> **WHAT YOU NEED TO DO**
Repeat, word for word, all the data that follows, and exclude the pictures.

Stored records
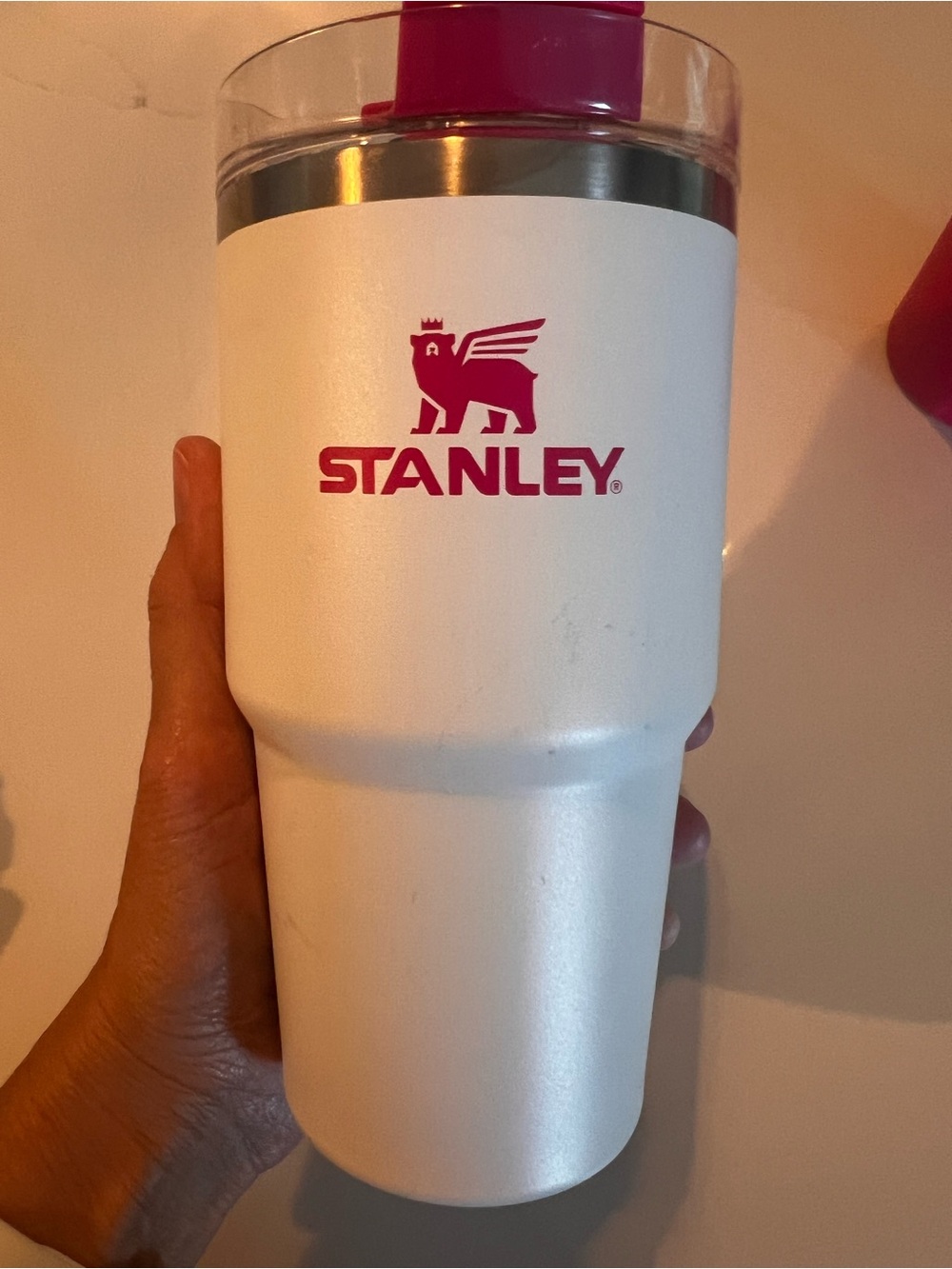 Stanley White Tumbler with Red Accent - Picture 3 of 16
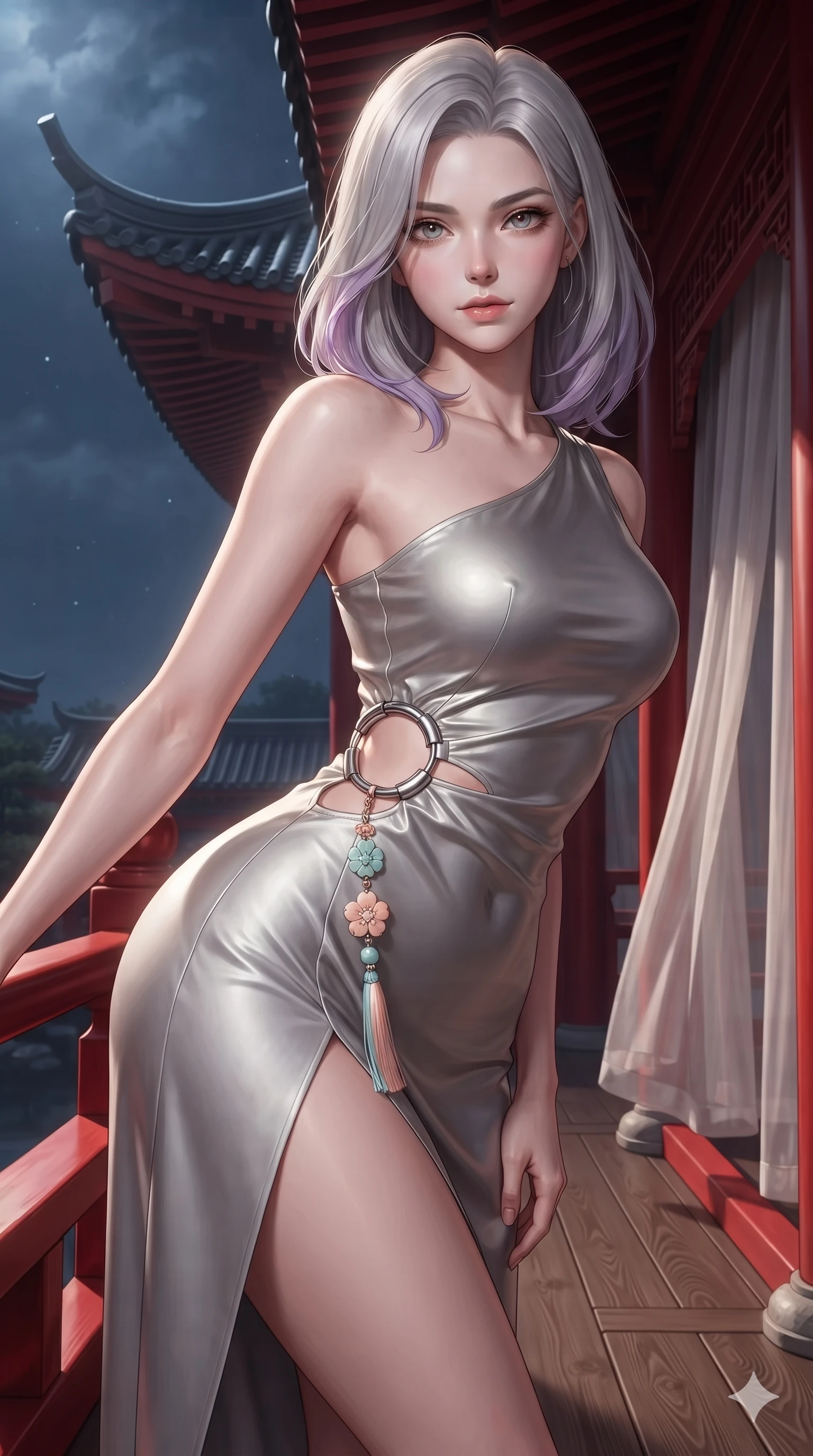 score_9, masterpiece, best quality, ultra-detailed, high-budget anime keyframe, editorial fashion photography, tasteful artistic composition, Caucasian woman. close-up cowboy shot from the waist and thighs up, the character dominates the composition, filling the frame with her large presence. leaning forward while arching her lower back to accentuate her curvy hips, looking into the camera with an intoxicating smoldering gaze and bedroom-eyes while twisting her slender torso in an alluring S-curve beside the curved roof eaves, moonlight tracing her narrow waist and rounded hips. The surrounding environment is rendered in vivid detail and crisp panoramic clarity: sharp red lacquer gloss on railings, sheer silk curtain weave transparency, and carved wooden floor joists in deep focus. She has an exceptionally elegant, slender, and willowy female figure with an ultra-slim waist, flat toned midriff, narrow ribcage, and sculpted feminine hips creating an alluring, slim hourglass silhouette without bulk. sharp v-shaped jawline, high-bridge nose, sparkling eyes with hypnotic seductive depth, thick curled eyelashes, glossy parted lips with a natural dewy peach sheen, alluring bedroom-eyes with an enchanting coquettish smile, exuding magnetic siren charisma and sophisticated glamour, flawlessly proportioned anatomical accuracy, strict slender model proportions, natural body alignment, perfectly sculpted long slender limbs, ultra-slim waistline, clean dynamic posture without body distortion. wearing an asymmetric one-shoulder liquid mercury silk dress with a dramatic hip-high wrap slit and norigae waist charm in pastel peach blossom and celadon porcelain blue, made of supple butter-soft lambskin leather with a subtle satin sheen, accented with sculptural chrome hardware rings framing the subtle cutouts, the impeccably tailored cut draping gracefully along her slender figure with aristocratic eastern poise. illuminated by timber floor bounce and sharp silver-vermilion rim lights defining her razor-sharp jawline, narrow waist, and curvy hips. ultra-reflective glossy finish, specular highlights, rich textural contrasts, high-contrast stereoscopic depth, volumetric dynamic lighting, 2k, ultra detail, master piece, 9:16 ratio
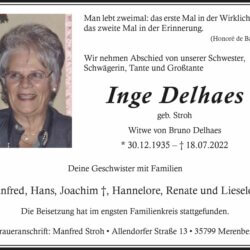 Inge Delhaes † 18. 7. 2022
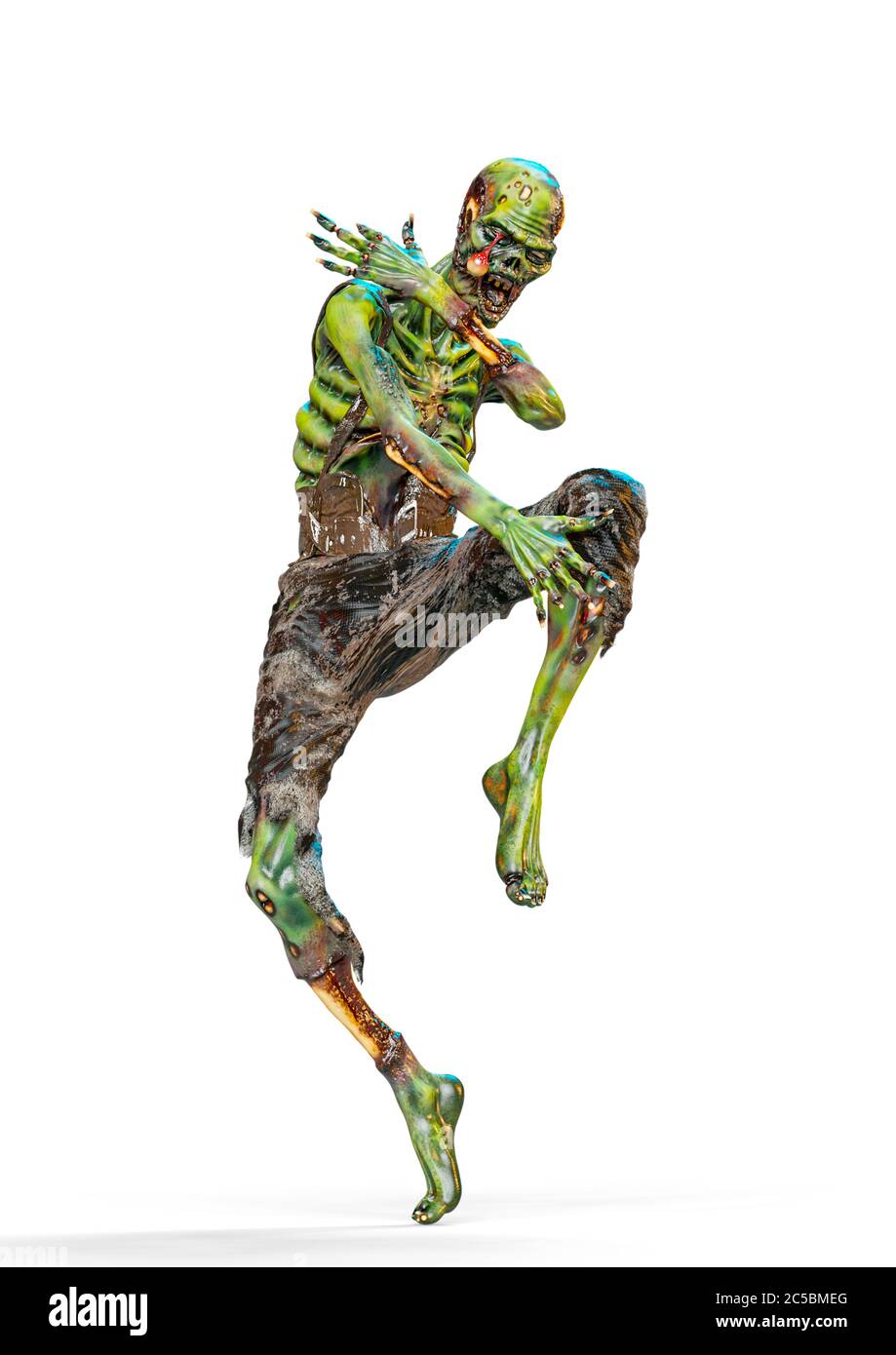 zombie danse dans la rue sur fond blanc, illustration 3d Banque D'Images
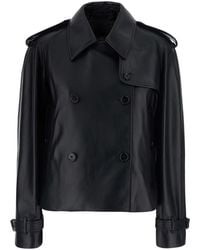 Burberry - 'Mayfair' Jacket With Wide Collar And Cropped Design - Lyst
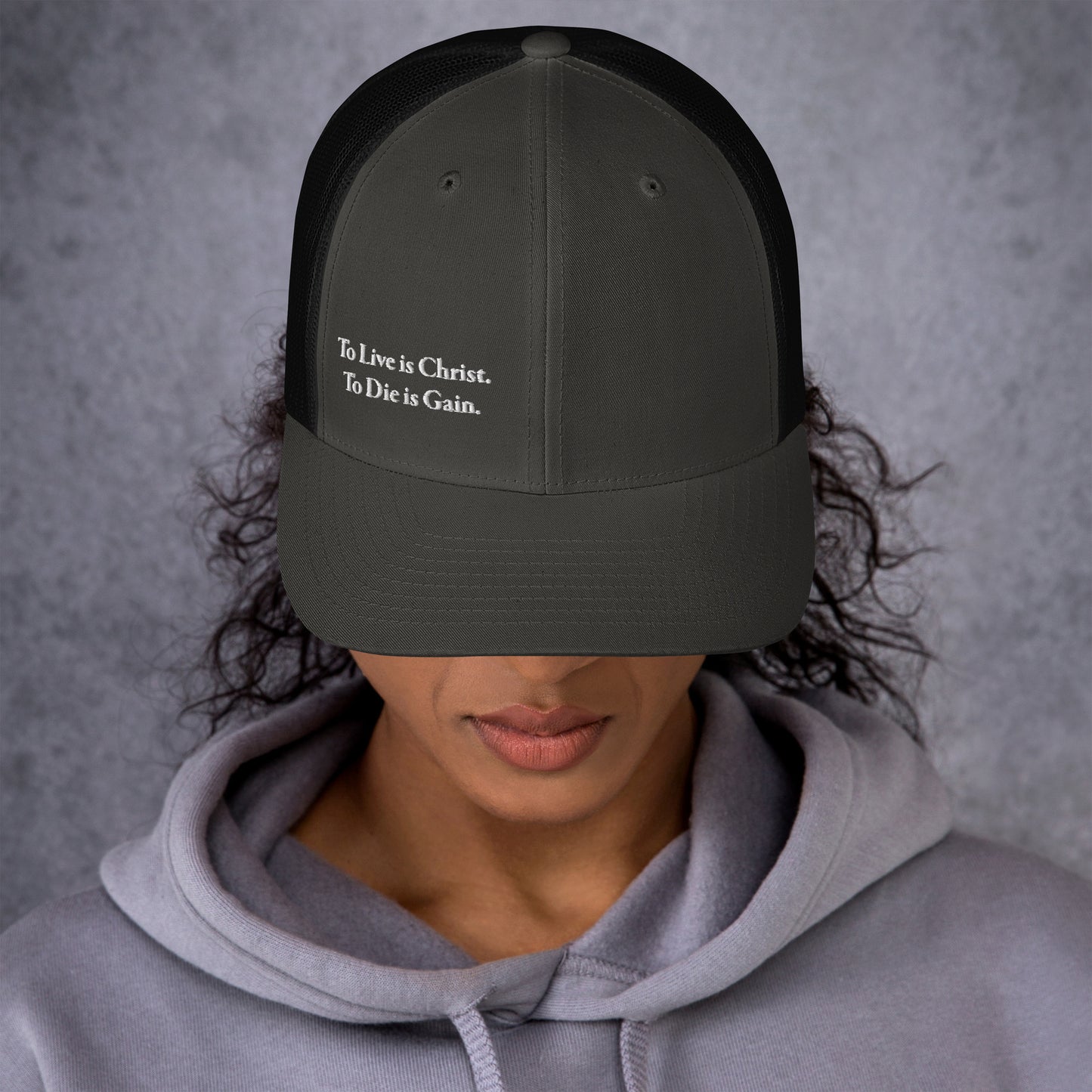 To Live is Christ White Women's Trucker Cap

> **TASK ANSWER**
 Stanley White Tumbler with Red Accent - Picture 3 of 16
 score_9, masterpiece, best quality, ultra-detailed, high-budget anime keyframe, editorial fashion photography, tasteful artistic composition, Caucasian woman. close-up cowboy shot from the waist and thighs up, the character dominates the composition, filling the frame with her large presence. leaning forward while arching her lower back to accentuate her curvy hips, looking into the camera with an intoxicating smoldering gaze and bedroom-eyes while twisting her slender torso in an alluring S-curve beside the curved roof eaves, moonlight tracing her narrow waist and rounded hips. The surrounding environment is rendered in vivid detail and crisp panoramic clarity: sharp red lacquer gloss on railings, sheer silk curtain weave transparency, and carved wooden floor joists in deep focus. She has an exceptionally elegant, slender, and willowy female figure with an ultra-slim waist, flat toned midriff, narrow ribcage, and sculpted feminine hips creating an alluring, slim hourglass silhouette without bulk. sharp v-shaped jawline, high-bridge nose, sparkling eyes with hypnotic seductive depth, thick curled eyelashes, glossy parted lips with a natural dewy peach sheen, alluring bedroom-eyes with an enchanting coquettish smile, exuding magnetic siren charisma and sophisticated glamour, flawlessly proportioned anatomical accuracy, strict slender model proportions, natural body alignment, perfectly sculpted long slender limbs, ultra-slim waistline, clean dynamic posture without body distortion. wearing an asymmetric one-shoulder liquid mercury silk dress with a dramatic hip-high wrap slit and norigae waist charm in pastel peach blossom and celadon porcelain blue, made of supple butter-soft lambskin leather with a subtle satin sheen, accented with sculptural chrome hardware rings framing the subtle cutouts, the impeccably tailored cut draping gracefully along her slender figure with aristocratic eastern poise. illuminated by timber floor bounce and sharp silver-vermilion rim lights defining her razor-sharp jawline, narrow waist, and curvy hips. ultra-reflective glossy finish, specular highlights, rich textural contrasts, high-contrast stereoscopic depth, volumetric dynamic lighting, 2k, ultra detail, master piece, 9:16 ratio
 Inge Delhaes † 18. 7. 2022
 zombie danse dans la rue sur fond blanc, illustration 3d Banque D'Images
 Burberry - 'Mayfair' Jacket With Wide Collar And Cropped Design - Lyst
 To Live is Christ White Women's Trucker Cap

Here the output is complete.